Churches choose to stay out of questions of status

Published: Friday, Oct. 14 2005 9:10 a.m. MDT

Thirteen-year-old Alicia Mendoza and cousin Benito Sosa practice for Mendoza's LDS baptism in Brigham City. About 30 percent of Latinos in Utah belong to the LDS Church.

Tyler Sipe, Deseret Morning News

Armando Solorzano likes driving into Centerville because the sign marking the city boundary notes it was founded in 1847.

"Yes," Solorzano says to himself. "This was created in Mexican territory. This is my place."

A University of Utah ethnics studies professor, Solorzano has deep-seated pain over Brigham Young's declaration — "This is the right place" — as Mormon pioneers arrived in what became the Salt Lake Valley nearly 160 years ago.

"I can't call them illegal immigrants because the term didn't exist then," he said. "But they were certainly trespassing on Mexican territory."

Only when the Treaty of Guadalupe Hidalgo ended the Mexican-American War in 1848 awarding present-day Arizona, California, New Mexico and Texas and parts of Colorado, Nevada and Utah to the United States did Mormon pioneers gain legal status.

Solorzano says undocumented immigration becomes more relevant if taken from a historical perspective, adding it is not a new phenomenon.

"It is an American institution. It's part of the structure of our country. It's a pillar of our country," he said. "It is in the foundation of our own state."

Furthermore, Mormon polygamists fled to Mexico in the late 1800s to escape prosecution. They practiced plural marriage there contrary to Mexican law. Later, during the Mexican revolution, their children returned — undocumented, Solorzano notes — to Utah for work.

Undocumented immigration, he says, is "at the roots of our history, and it goes both ways."

Today, Solorzano sees the LDS Church as a magnet for illegal immigrants from Mexico and Central and South America. The Book of Mormon describes a group of people LDS doctrine professes to be their principal ancestors.
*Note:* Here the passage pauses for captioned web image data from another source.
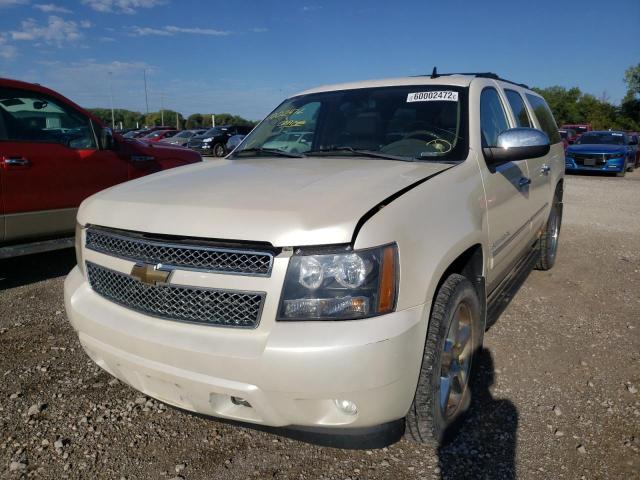 1GNSKKE3XBR117978 - 2011 CHEVROLET SUBURBAN K WHITE photo 2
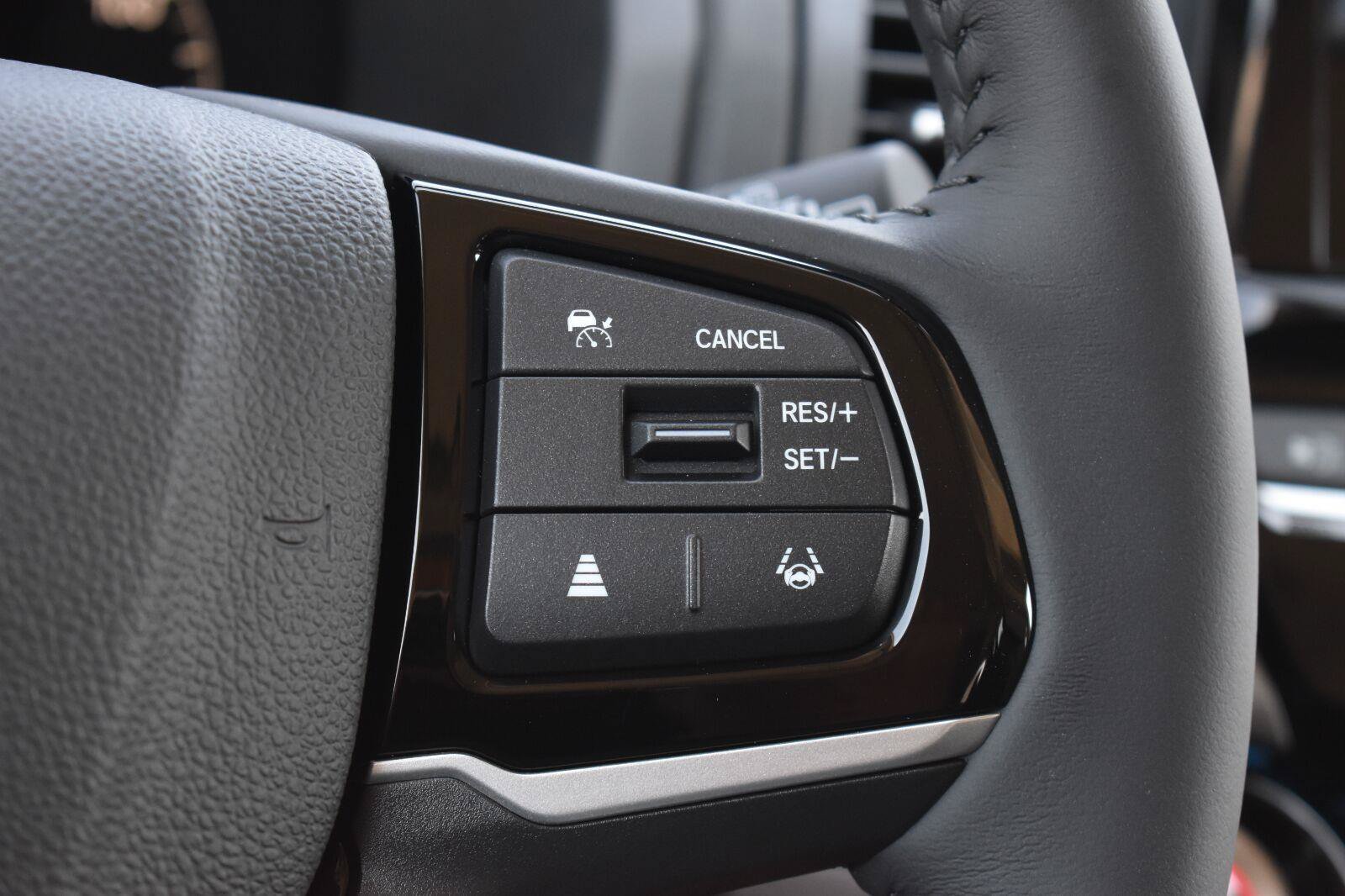 New 2026 Honda Odyssey Touring image 7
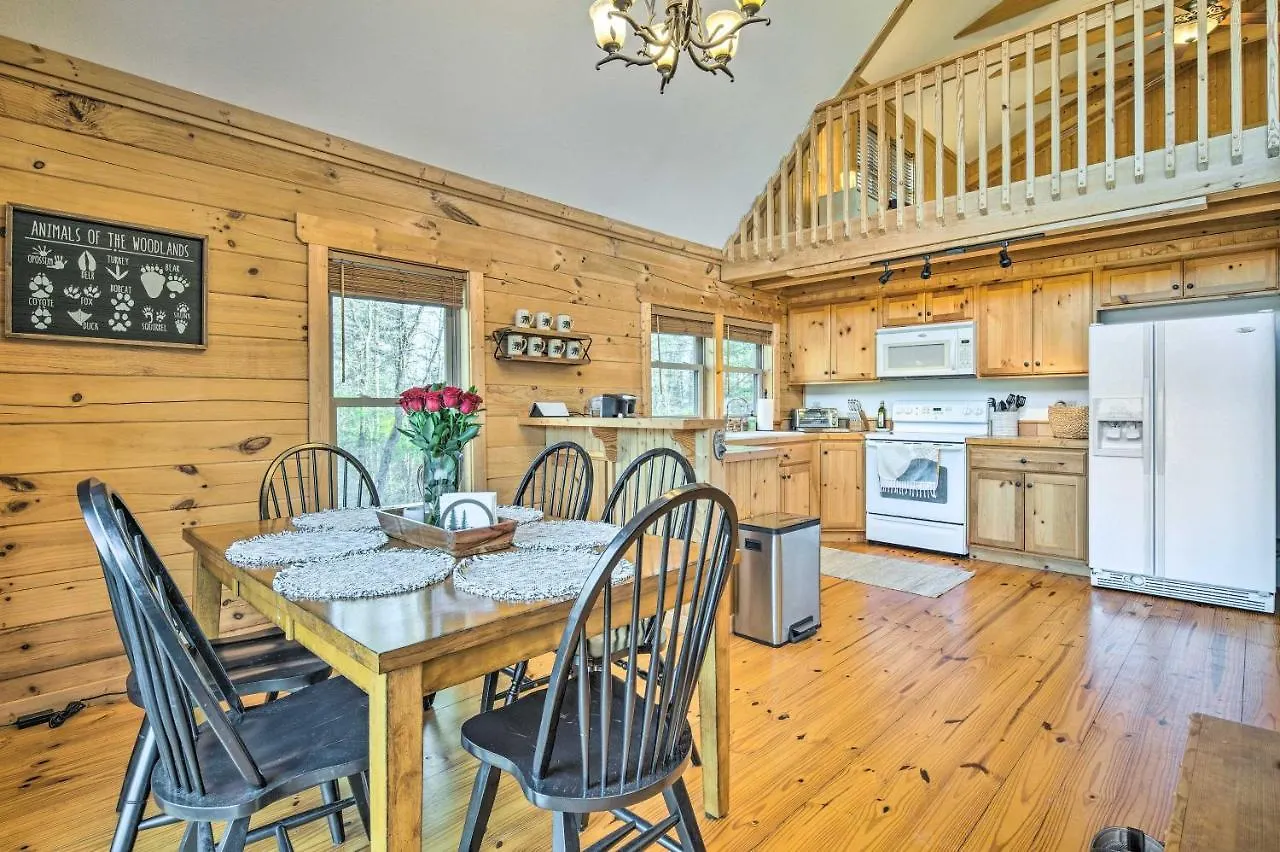 Holiday home Quaint With Loft 10 Mi To Lure! Lake Lure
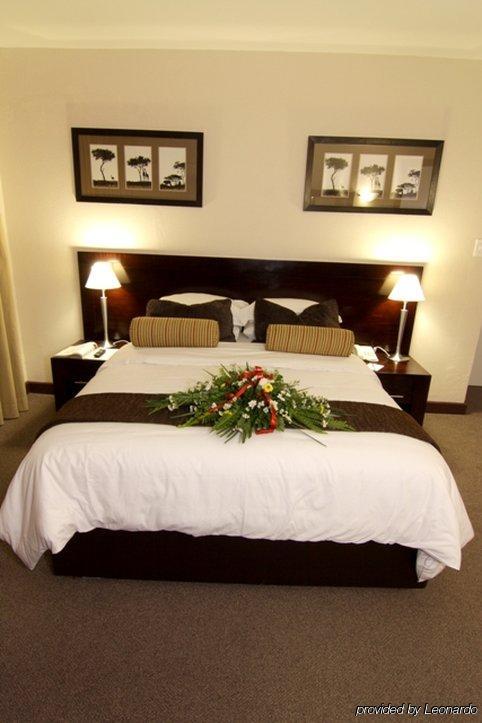 Cresta Bosele Hotel Selebi-Phikwe Стая снимка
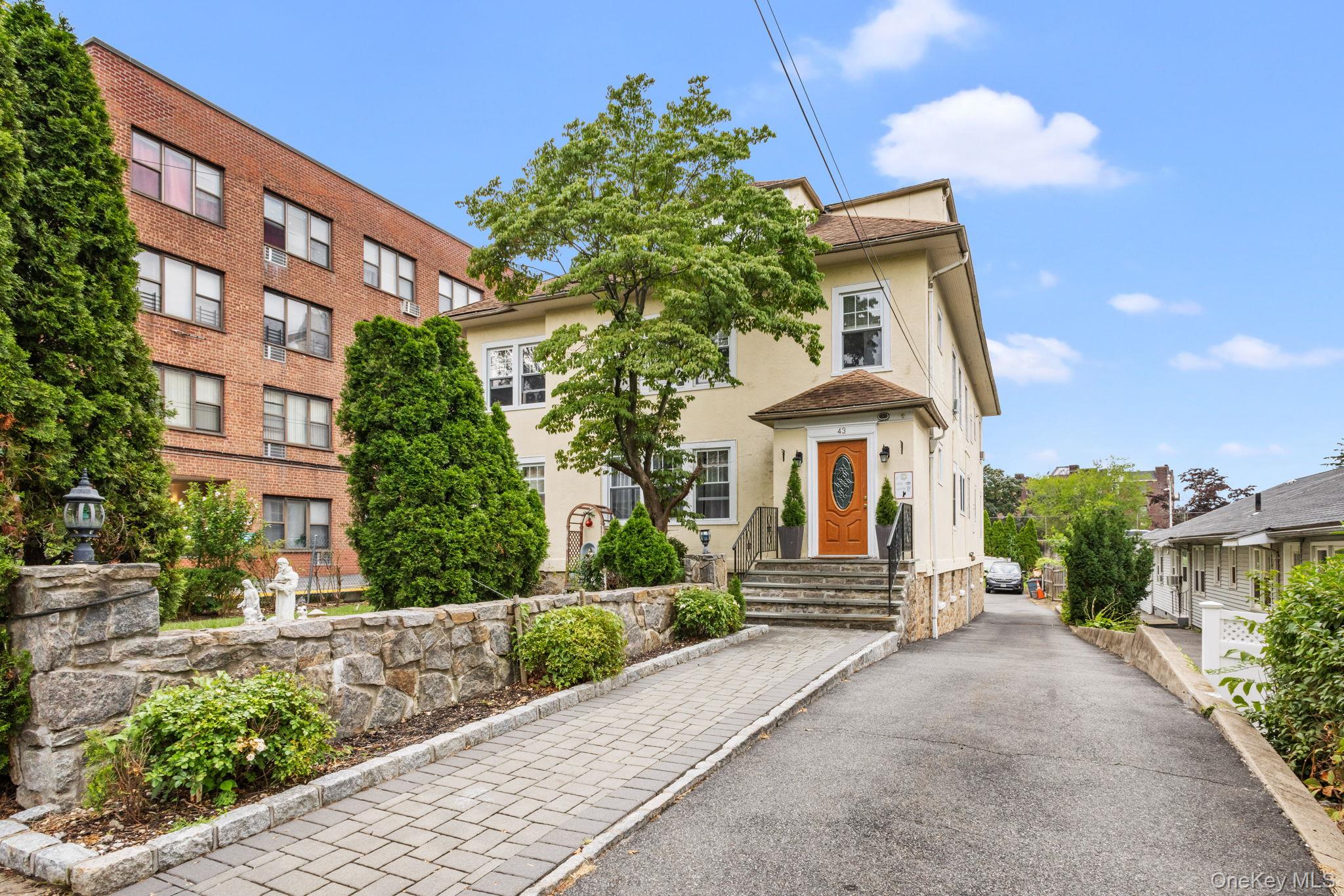43 Davis Avenue – For Sale photo 12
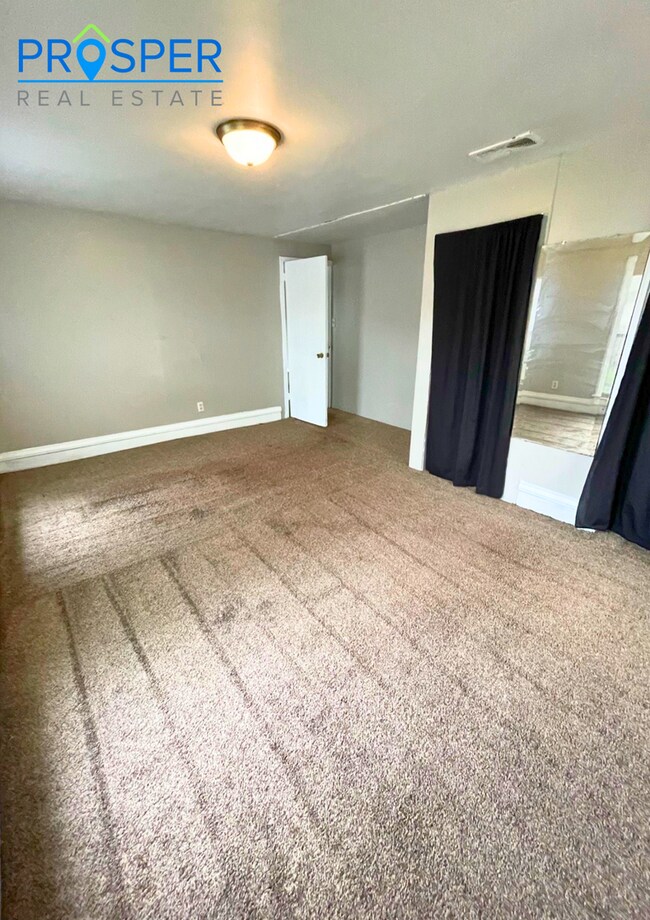 Foto del edificio - 826 Menomonie St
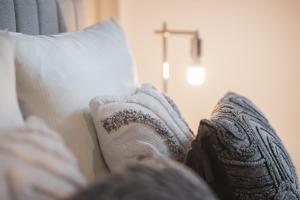 Postel nebo postele na pokoji v ubytování St. Salvator Apartments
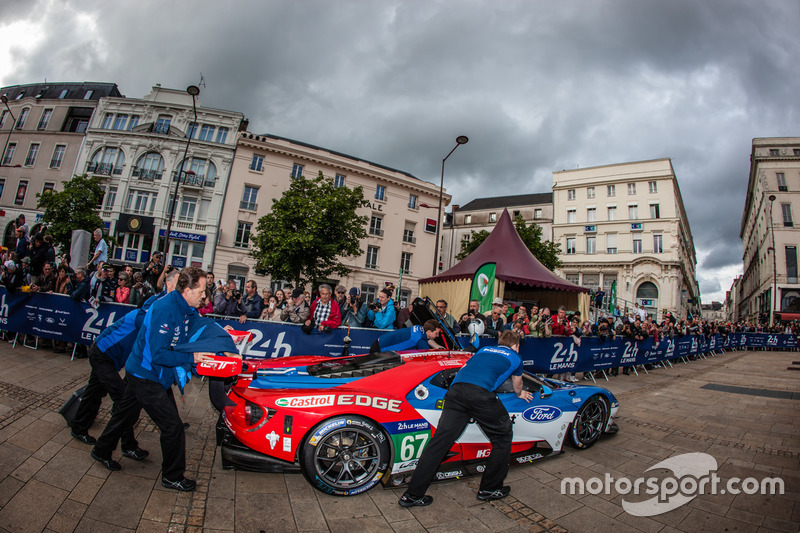 #67 Ford Chip Ganassi Racing Ford GT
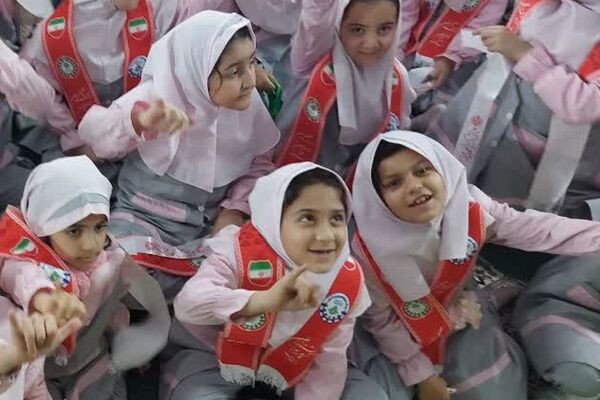 مراسم روز مادر و تحلیف پیشتازان در دبستان شهید سرافراز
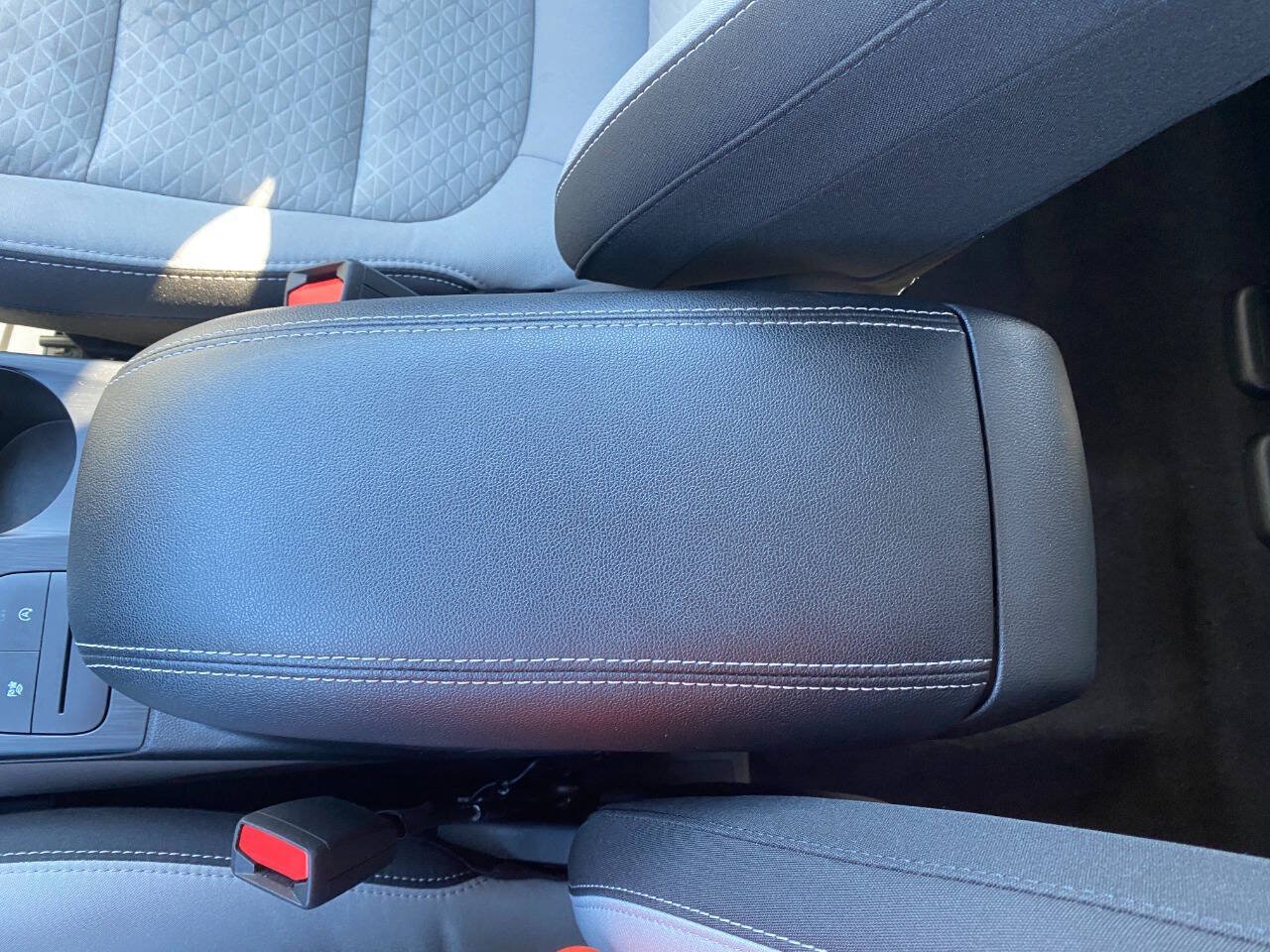 Used 2024 Ford Escape Active AWD/4WD image 18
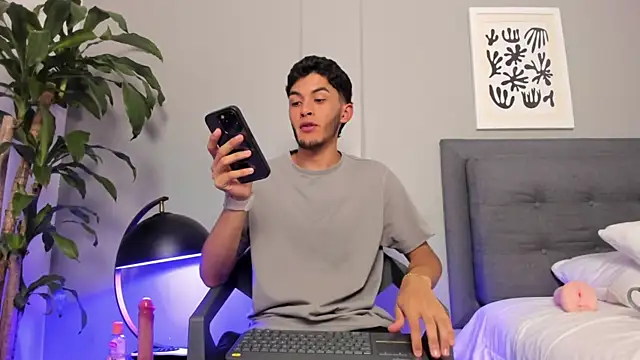 Snapshot of Tylerffoxx chatting on June 2026 08:35:02 PM Tylerffoxx online show from June 2026 08:35:02 PM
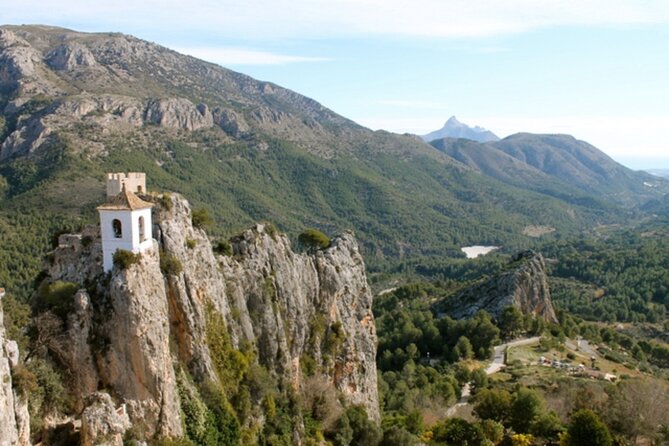 Guadalest Valley and Town Guided Tour - Tasting Regional Products: Fruits, Sweets, and Liquors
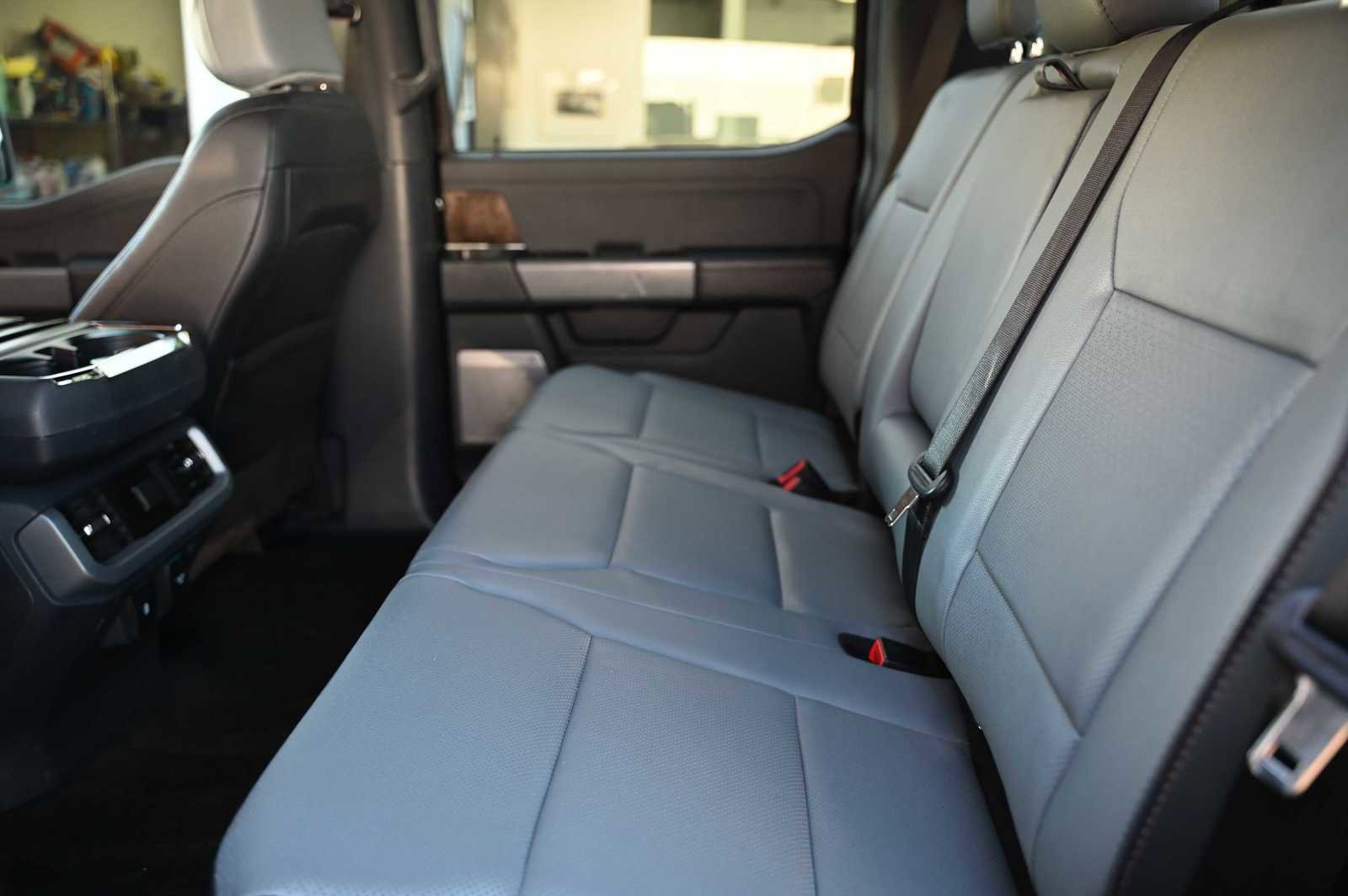 Used 2022 Ford F150 Lightning Lariat image 13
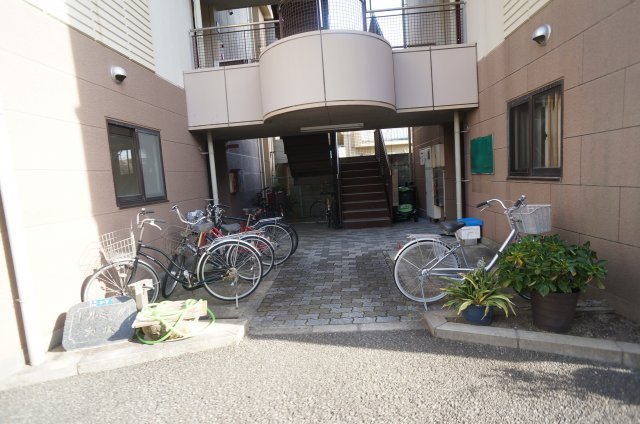 ドルミM宝塚のエントランス|参考、同建物・同間取りの号室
Some archaeological evidence suggests the Aztec civilization migrated south from southern Utah, he said.

Latinos do not think of themselves as illegal immigrants, Solorzano says. "It doesn't matter if I go to my sacred land illegally or legally. What matters is my spirituality."

The LDS Church downplays its draw for Mexicans and South and Central Americans who come without documentation.

"My feeling is the state of Utah has been very friendly," said Elder John Pingree, who works with the church's Hispanic Initiative. "It's not necessarily the church."

He cites illegal immigrants' (former) ability to obtain drivers' licenses, health care, education and employment as more salient reasons. Elder Pingree also suggests friends and relatives already in the state have much to do with it.

About 60 percent of Latinos in Utah are Catholic, while 30 percent are LDS converts, according to Solorzano. He recently published a chapter on the history of Latino immigrants in Utah in a book titled "Beyond the Gateway: Immigrants in a Changing America."

The Catholic Church is among several denominations to espouse views on immigration policy. Noting it does not condone illegal immigration, the National Conference of Catholic Bishops called upon federal policymakers to reform the laws to uphold basic dignity and human rights of immigrants and preserve family unity.

The Most Rev. George Niederauer, who heads the Catholic Diocese of Salt Lake City, says the church does not, however, draw up legislation. "That is the work of the federal government," he said.

Bishop Niederauer noted hypocrisy in the mixed message the United States sends south of the border:

"We will do everything we can to keep you out, but if you make it in, we have a job for you."

The Catholic Church does not distinguish between legal and illegal immigrants in its parishes. It considers those who believe and live the faith as Catholics.

"We're not a branch of the U.S. government," he said.